=== WORK ORDER ===
Quote the entries below from the line with "2009 г. Замок" through the line with "REA1013709 Apartament 2", both ends included, and only those lines.

=== MATERIAL PROVIDED ===
*-*-*

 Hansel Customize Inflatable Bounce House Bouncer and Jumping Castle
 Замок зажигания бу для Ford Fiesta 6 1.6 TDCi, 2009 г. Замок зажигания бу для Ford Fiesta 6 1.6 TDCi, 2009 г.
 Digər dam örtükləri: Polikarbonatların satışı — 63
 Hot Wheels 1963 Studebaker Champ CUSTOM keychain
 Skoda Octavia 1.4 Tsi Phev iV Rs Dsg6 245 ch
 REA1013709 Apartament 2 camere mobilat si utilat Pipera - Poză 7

*-*-*

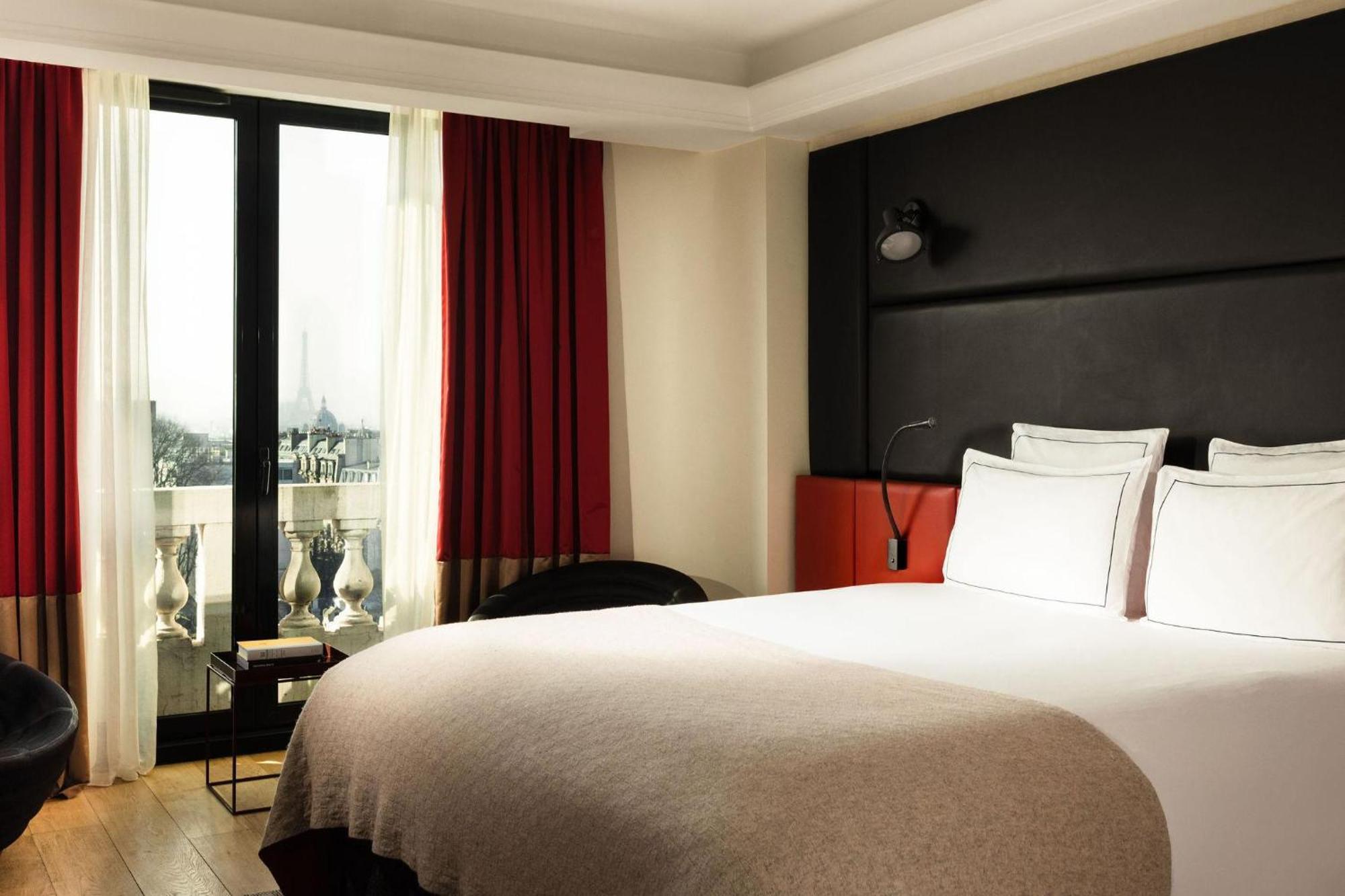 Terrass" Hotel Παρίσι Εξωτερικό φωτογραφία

*-*-*

=== TASK OUTPUT ===
 Замок зажигания бу для Ford Fiesta 6 1.6 TDCi, 2009 г. Замок зажигания бу для Ford Fiesta 6 1.6 TDCi, 2009 г.
 Digər dam örtükləri: Polikarbonatların satışı — 63
 Hot Wheels 1963 Studebaker Champ CUSTOM keychain
 Skoda Octavia 1.4 Tsi Phev iV Rs Dsg6 245 ch
 REA1013709 Apartament 2 camere mobilat si utilat Pipera - Poză 7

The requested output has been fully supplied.